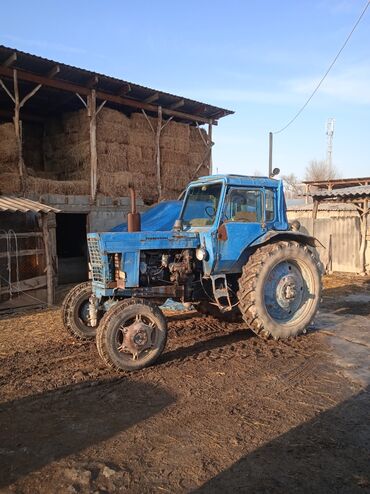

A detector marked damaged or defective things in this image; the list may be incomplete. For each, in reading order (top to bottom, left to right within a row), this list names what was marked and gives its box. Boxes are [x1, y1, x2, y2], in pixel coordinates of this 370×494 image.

rusty metal surface [0, 196, 60, 213]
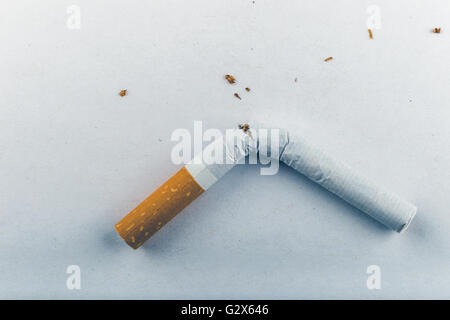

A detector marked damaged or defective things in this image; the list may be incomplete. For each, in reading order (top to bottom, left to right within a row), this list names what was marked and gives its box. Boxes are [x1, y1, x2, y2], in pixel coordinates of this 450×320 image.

broken cigarette [114, 121, 416, 249]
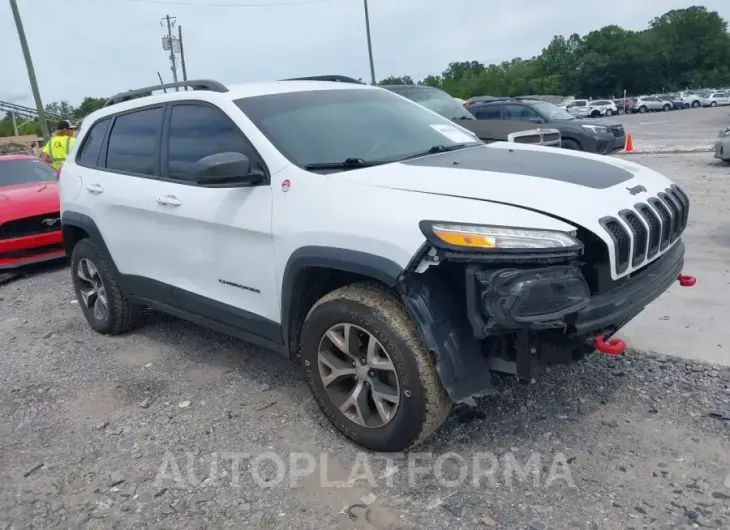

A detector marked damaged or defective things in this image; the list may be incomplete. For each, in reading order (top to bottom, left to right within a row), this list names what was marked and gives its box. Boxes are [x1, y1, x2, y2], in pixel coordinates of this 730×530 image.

damaged front end [398, 222, 688, 400]
front bumper damage [398, 239, 688, 400]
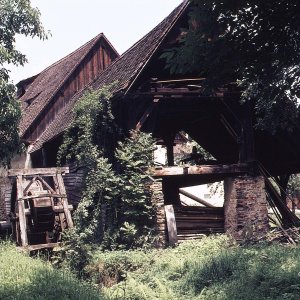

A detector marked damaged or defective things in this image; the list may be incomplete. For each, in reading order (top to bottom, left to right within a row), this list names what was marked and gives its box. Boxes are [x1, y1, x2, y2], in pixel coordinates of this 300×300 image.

rusted mechanism [7, 169, 73, 251]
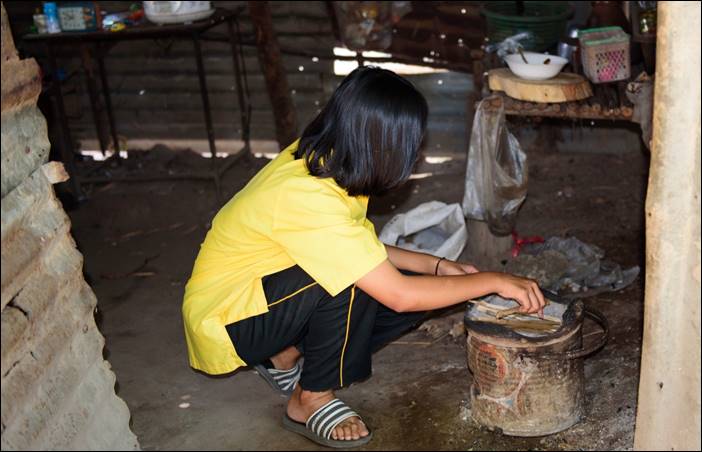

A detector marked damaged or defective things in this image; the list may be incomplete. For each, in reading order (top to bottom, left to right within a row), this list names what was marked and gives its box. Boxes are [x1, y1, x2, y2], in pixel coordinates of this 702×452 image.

rusty bucket stove [464, 294, 608, 436]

Aim of the exercise:
Beginning with the line that contains "this 702×452 image.", write out every line through the end of the entries above, exactly.

Response below:
A detector marked damaged or defective things in this image; the list may be incomplete. For each, in reading order (top to bottom, left to right within a row), this list names what was marked and gives its box. Boxes are [x1, y1, x2, y2], in pixel coordinates of this 702×452 image.

rusty bucket stove [464, 294, 608, 436]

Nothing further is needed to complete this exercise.